Так пишет о себе человек титанической трудоспособности, художественной честности. Он по 7 - 8 раз переписывал главы произведений. Только над началом «Войны и мира» бился целый год.
«Я боялся испортить свое... не свое, а наше счастие»
8 июня 1851 года в Старом Юрте на Кавказе Толстой сделает большую запись в дневнике, тоже связанную с казанскими воспоминаниями. Дело в том, что в Казани (проезжая с братом Николаем на Кавказ) Толстой был очарован выпускницей Родионовского института благородных девиц Зинаидой Молоствовой, подругой его сестры Марии. Он знал Зинаиду, еще живя в Казани, но чувство, вспыхнувшее в мае 1851 года, было сильным и новым. «Если бы меня спросили: «Зачем я жил в Казани, что мне было приятно? Отчего я был счастлив?» Я не сказал бы, что это потому, что я влюблен. Я не знал этого. Мне кажется, что это-то незнание и есть главная черта любви и составляет ее прелесть. Как морально легко мне было в это время. Я не чувствовал этой тяжести мелочных страстей, которая портит все наслаждения жизни. Я ни слова не сказал ей о любви, но я уверен, что она знает мои чувства. Все порывы души чисты, возвышенны в своем начале. Мои отношения с Зинаидой остались на ступени чистого стремления двух душ друг к другу».

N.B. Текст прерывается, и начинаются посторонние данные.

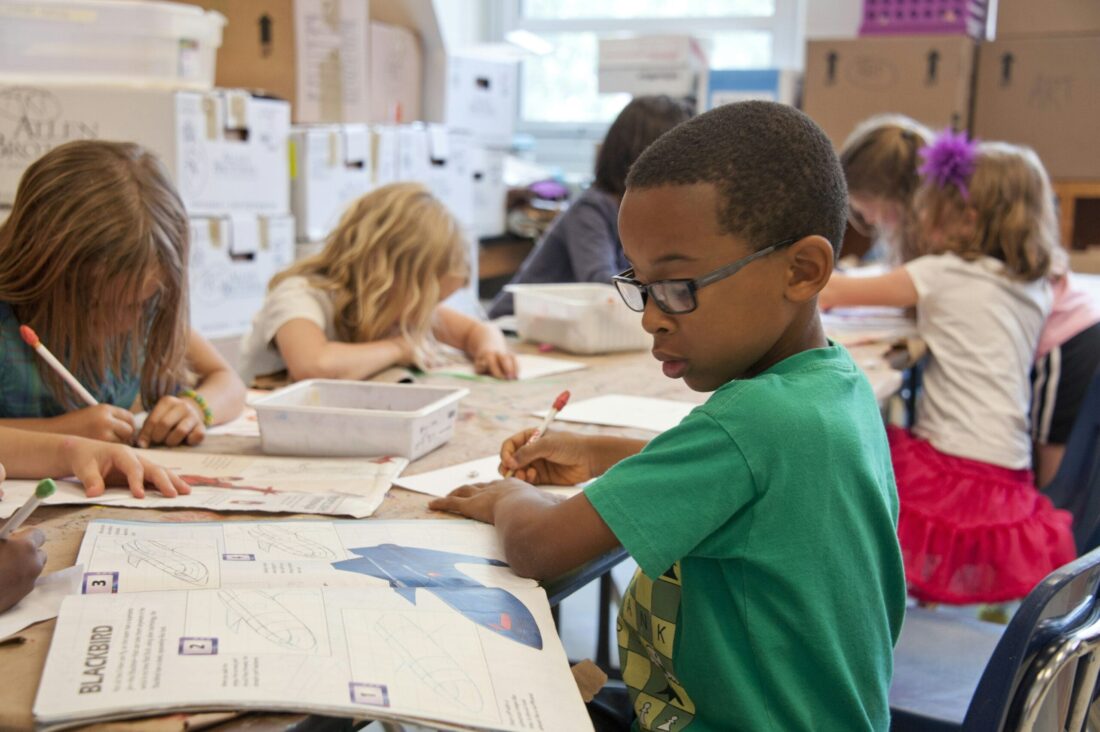A young boy with glasses in a green t-shirt writes on paper while sitting at a table surrounded by other school children in a classroom.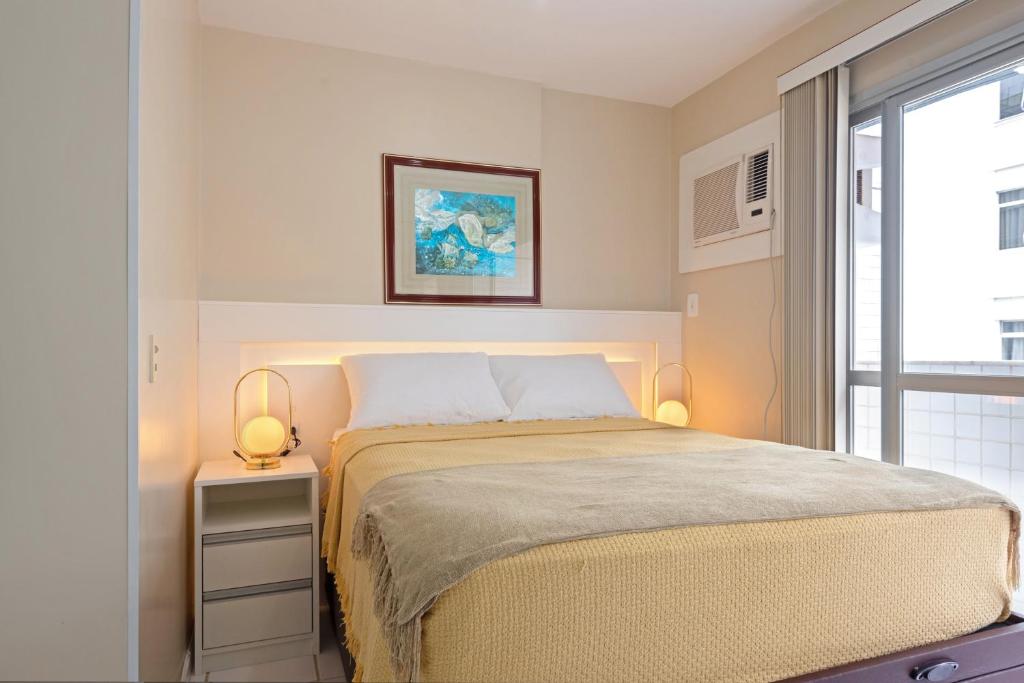 a bedroom with a bed with two lamps and a window at Studio com vista para o mar no centro de Guarapari com Wifi in Guarapari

Для объяснения в любви Толстой приглашает девушку в одно из любимых им мест в Казани - Архиерейские дачи, где росли вековые сосны, а липовые аллеи напоминали яснополянские. Однако в силу присущей ему застенчивости он так и не скажет о своем чувстве. Но были и другие причины, помешавшие влюбленному объясниться. «Помнишь Архиерейский сад, Зинаида, боковую дорожку? На языке висело у меня признание и у тебя тоже. Мое дело было начать, но знаешь, отчего, мне кажется, я ничего не сказал. Я был так счастлив, что мне нечего было желать. Я боялся испортить свое... не свое, а наше счастие. Лучшим воспоминанием в жизни останется навсегда это милое время».